Wer vor Krieg, Verfolgung und Armut flieht, um sich in Europa eine neue Existenz aufzubauen, muss rasch in den Arbeitsmarkt integriert werden. Versperrt man Schutzsuchenden den Weg in Arbeit, erschwert man die Integration in die Gesellschaft. Wir müssen früh eingreifen und Geflüchteten möglichst schnell wirtschaftliche Unabhängigkeit ermöglichen. Das ist auch mittel- und langfristig ökonomisch günstiger.

Auf Drängen der sozialdemokratischen Fraktion greift die Resolution die Forderungen nach gleichberechtigtem Zugang zu Bildung und Weiterbildung, Wohnraum, gesundheitlicher Betreuung und Sozialschutz auf.
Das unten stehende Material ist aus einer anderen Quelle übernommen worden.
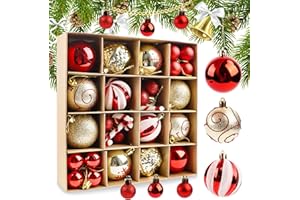 ENCURYNA Bombki bożonarodzeniowe, 40 sztuk, czerwone i złote bombki bożonarodzeniowe, ornamenty, tworzywo sztuczne, dekoracja bożonarodzeniowa, dekoracja bożonarodzeniowa, na imprezę, do domu, na wesele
Darüber hinaus soll es solide und transparente Verfahren zur Anerkennung von in Drittstaaten erworbenen Qualifikationen geben. Über diese Resolution hat das Europäische Parlament heute abgestimmt.

Wir Sozialdemokraten im Europäischen Parlament lehnen die Schaffung von Sonderarbeitsmärkten für Flüchtlinge entschieden ab. Nationale Mindestlöhne müssen auch für Flüchtlinge gelten. Nur so verhindern wir Sozialdumping und einen Verdrängungswettbewerb zwischen den am stärksten benachteiligten Gruppen unserer Gesellschaft.

Die bestehenden Europäischen Fonds können diese finanzielle Herausforderung nicht stemmen. Deswegen muss der Europäische Sozialfonds wieder zu seinem ursprünglichen Anteil von 25 Prozent der Kohäsionspolitik, also der Hauptinvestitionspolitik der EU, zurückgeführt werden.

Gegen die Resolution, die auf den Initiativbericht des Beschäftigungsausschuss zurückgeht, stimmten erwartungsgemäß die rechten Fraktionen „Europa der Freiheit und der Nationen“ um Marine Le Pen (ENF) sowie die „Europäischen Konservativen und Reformer“ um Tories, PiS und Alfa (EKR).